Stormyweather's picture

I hate to be the bearer of bad news but your story sounds very similar to mine (second marriage) and i feel duped into reconnecting and later marrying my now DH. We broke up approx 2 years ago when my then fiance decided (without consulting me) to give away a valuable asset of his (a car) to his daughter who was living with us FT and who was unemployed and not looking for work whilst living in my house and her two horses using all my facilities including free feeding of her horses. She was given it so she could sell it to raise funds so she could continue living the life of Larry. I would come home from work and find her asleep on the couch, and my kitchen trashed.

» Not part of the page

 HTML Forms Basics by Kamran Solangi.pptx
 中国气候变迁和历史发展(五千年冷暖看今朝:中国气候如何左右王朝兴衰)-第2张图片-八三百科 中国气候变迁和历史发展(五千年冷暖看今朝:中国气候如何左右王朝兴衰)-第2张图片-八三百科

I felt used by both of them, he blew up at me for daring to be upset with them both, he cracked it some more and I asked them both to leave and broke off our engagement. Looking back I see how he "loved bombed me" and said all the things I wanted him to say (but clearly didnt mean) as here we are again, in my house and he has recently thrown me under the bus in favor of his daughter who dosent even live with us!! He didnt mean a word he said then (about supporting me/us) and clearly did it to win me back.

The resentment now is HUGE!!!

So being married and having the status of being his wife means NOTHING!!